RECORDS SHOWN.
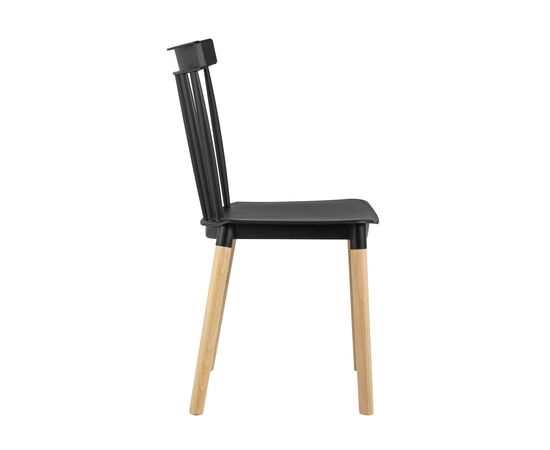 Стул Филд (Field) 480x490x840 СЛ-7037В блак (SL-7037W black) Чёрный, Основной цвет: Чёрный, Ширина: 480, Материал основания: Массив дерева, Высота: 840, Глубина: 490, Материал: Пластик, Вес: 3,8, Цвет опоры: Бежевый, Материал сиденья: пластик, Цвет сиденья: Черный, Артикул: СЛ-7037В блак (SL-7037W black), изображение 2post-test
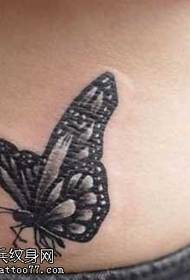 Талия черен сив татуировка на пеперуда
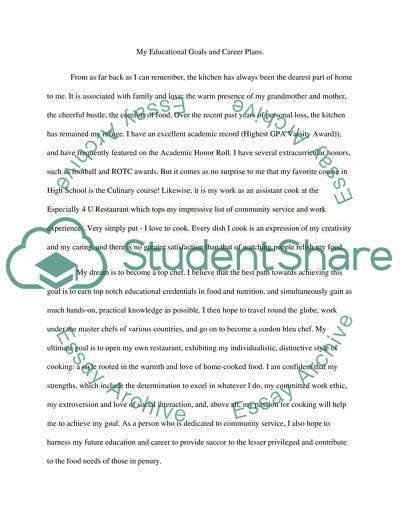 My Educational Goals and Career Plans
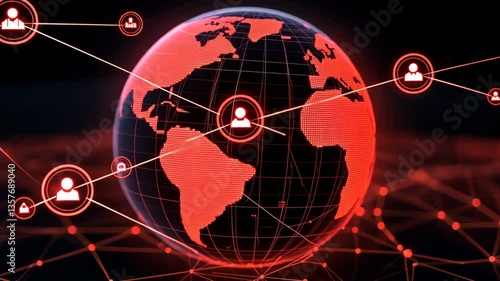 Global Network Connection: A Digital World Map Visualization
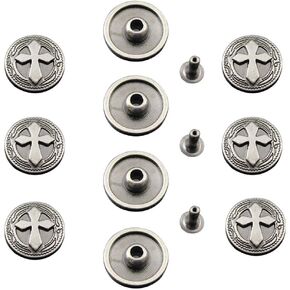 Mingchen Retro Wooden Texture Cross Decorative Rivet Metal Relief Carving Round Shape Conchos Castings Screw Back Buttons Personality DIY Leather Goods Decoration Accessories 30 Pieces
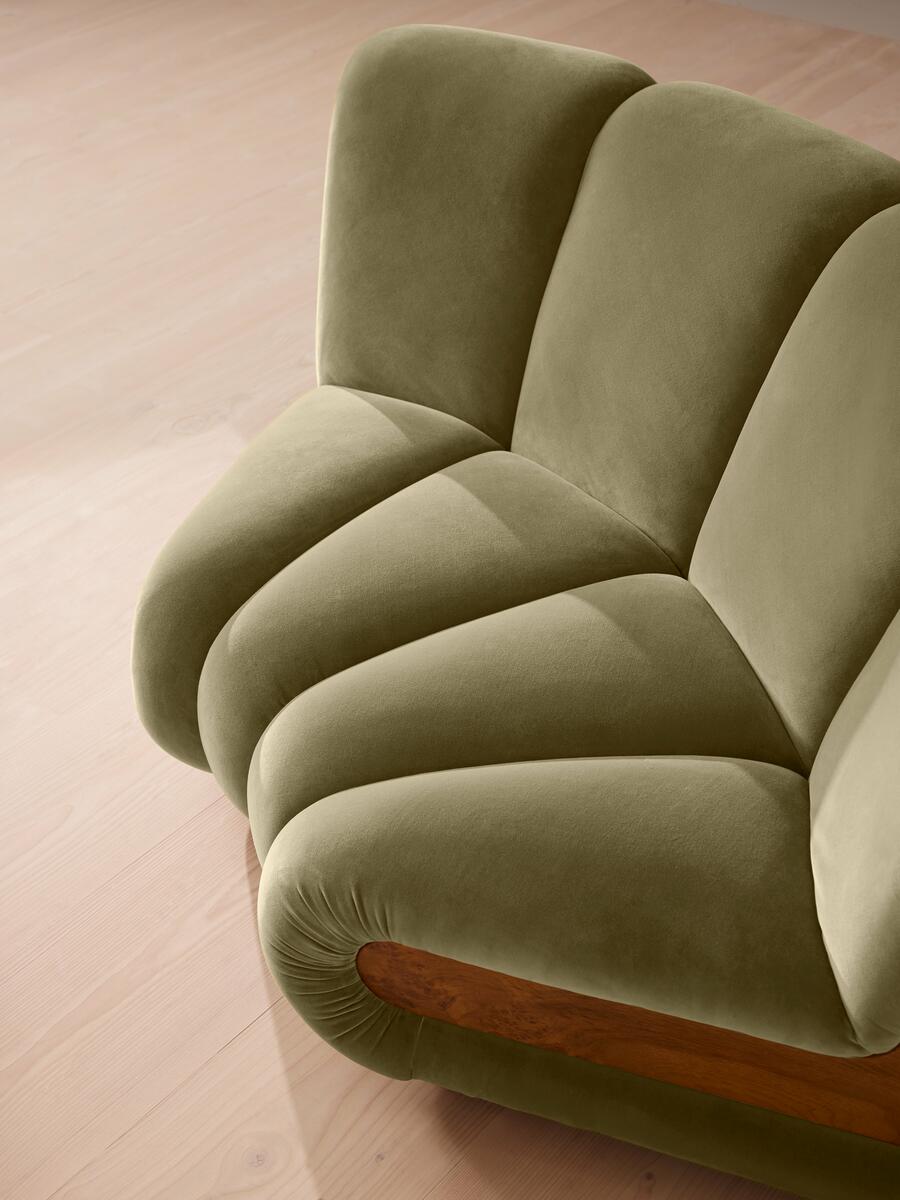 Noelle Modular Curved Armchair - Velvet Lichen - Images - Image 6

PROBLEM TO WORK ON. Set the records down again word for word; the pictures stay out.

WORKED SOLUTION.
 Стул Филд (Field) 480x490x840 СЛ-7037В блак (SL-7037W black) Чёрный, Основной цвет: Чёрный, Ширина: 480, Материал основания: Массив дерева, Высота: 840, Глубина: 490, Материал: Пластик, Вес: 3,8, Цвет опоры: Бежевый, Материал сиденья: пластик, Цвет сиденья: Черный, Артикул: СЛ-7037В блак (SL-7037W black), изображение 2post-test
 Талия черен сив татуировка на пеперуда
 My Educational Goals and Career Plans
 Global Network Connection: A Digital World Map Visualization
 Mingchen Retro Wooden Texture Cross Decorative Rivet Metal Relief Carving Round Shape Conchos Castings Screw Back Buttons Personality DIY Leather Goods Decoration Accessories 30 Pieces
 Noelle Modular Curved Armchair - Velvet Lichen - Images - Image 6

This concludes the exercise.